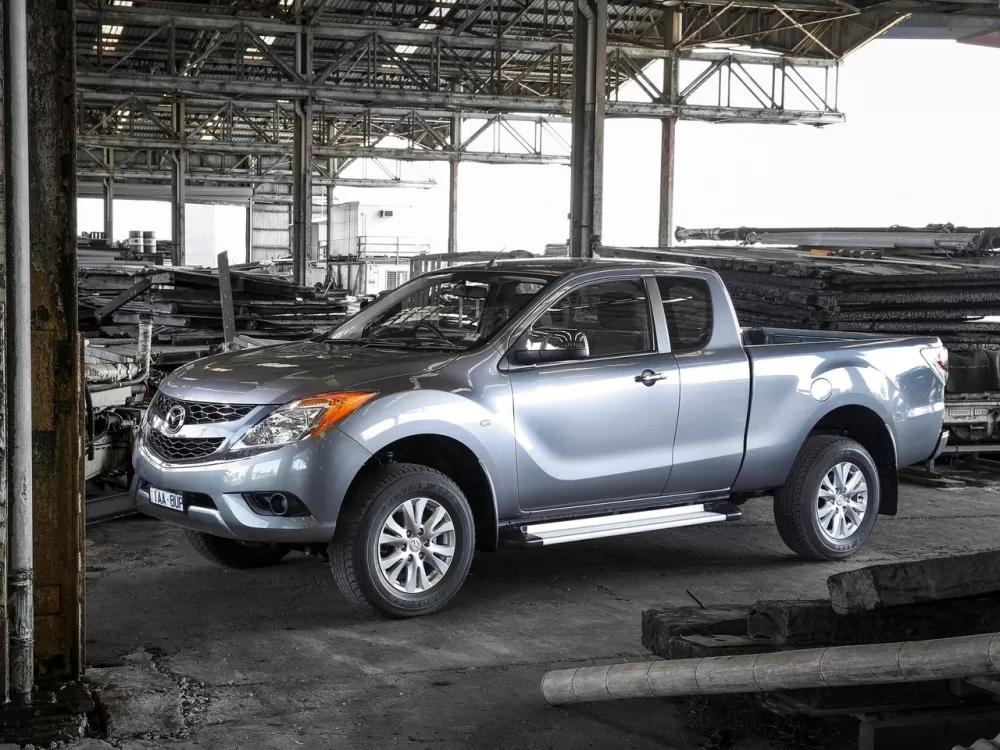 Автомобиль Mazda BT-50 II Пикап Полуторная кабина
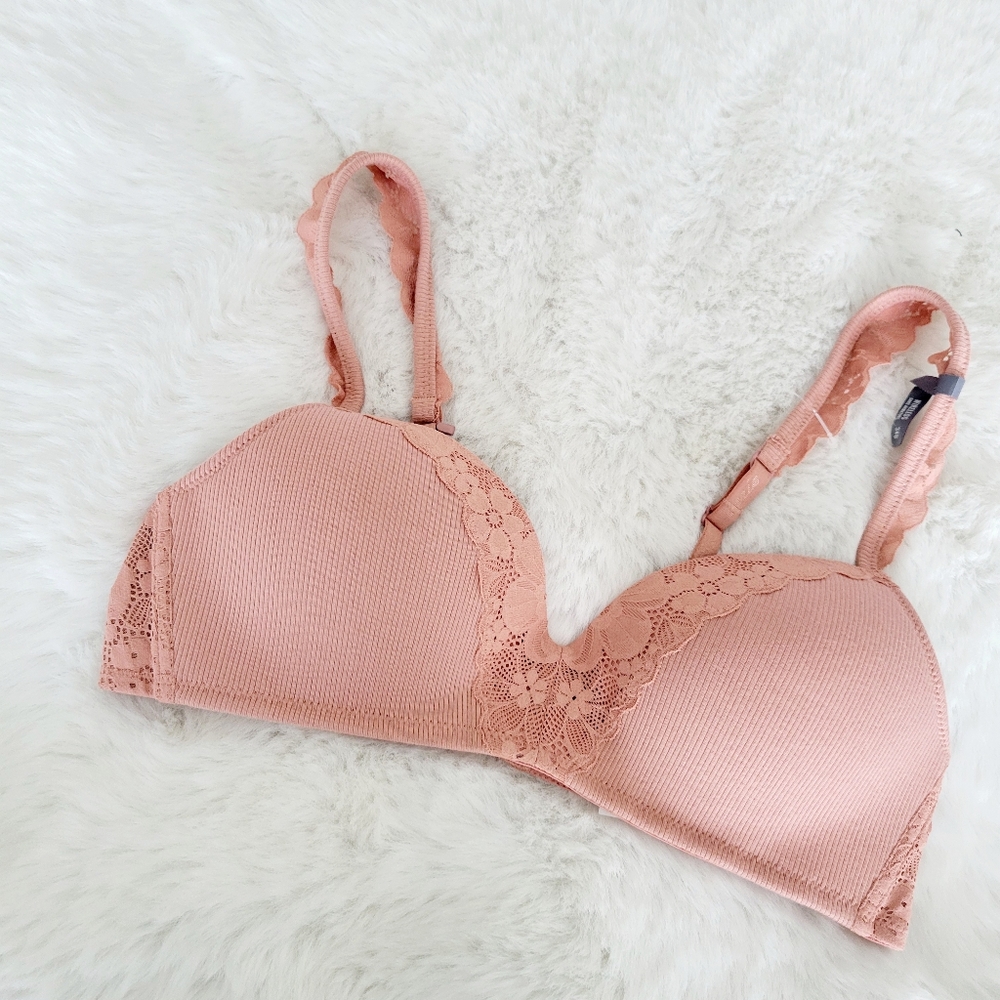💫AERIE REAL HAPPY WIRELESS PUSH UP RETRO LACE BRA SIZE 34B - Picture 8 of 10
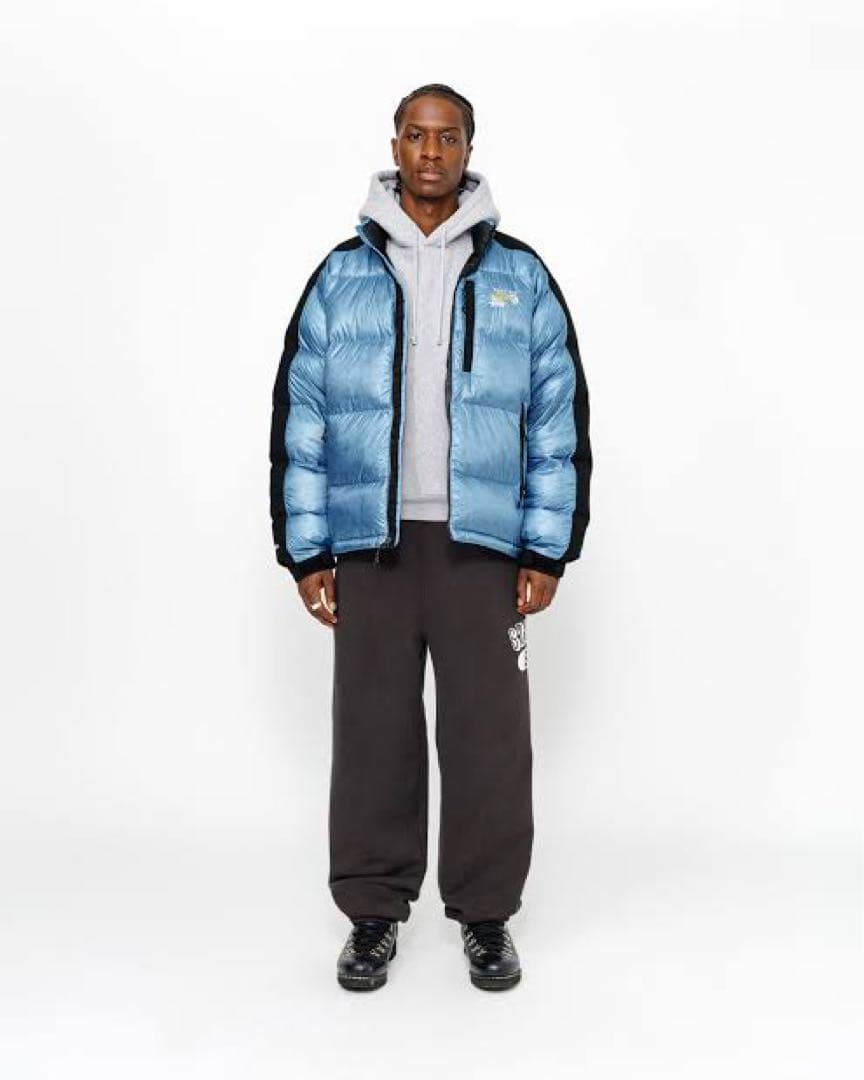 Stussy × Mountain Hardwear ダウン Mサイズ 新品 - メルカリ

Exercise directions – Any picture in the material is to be dropped; the rest is repeated exactly.

Response box –
 Автомобиль Mazda BT-50 II Пикап Полуторная кабина
💫AERIE REAL HAPPY WIRELESS PUSH UP RETRO LACE BRA SIZE 34B - Picture 8 of 10
 Stussy × Mountain Hardwear ダウン Mサイズ 新品 - メルカリ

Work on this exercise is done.